◆ **Work instruction**
Only the lines in the entries below from the line with "Pair early 20th" to the line with "3D Printed Conductive", both included, belong in the answer, transcribed exactly and without pictures.

◆ **Source data**
◇ ◇ ◇ ◇ ◇ ◇ ◇
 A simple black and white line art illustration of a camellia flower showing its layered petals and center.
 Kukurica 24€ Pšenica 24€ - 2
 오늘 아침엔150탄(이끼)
◇ ◇ ◇ ◇ ◇ ◇ ◇
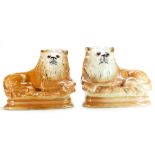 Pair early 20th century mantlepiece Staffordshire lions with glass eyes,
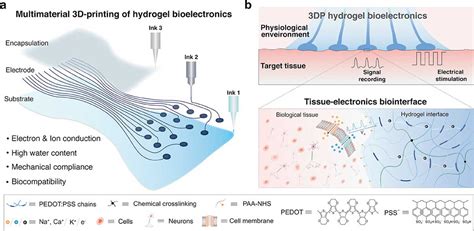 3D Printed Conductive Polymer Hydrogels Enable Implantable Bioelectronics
◇ ◇ ◇ ◇ ◇ ◇ ◇
◆ **Solution to this problem**
 Pair early 20th century mantlepiece Staffordshire lions with glass eyes,
 3D Printed Conductive Polymer Hydrogels Enable Implantable Bioelectronics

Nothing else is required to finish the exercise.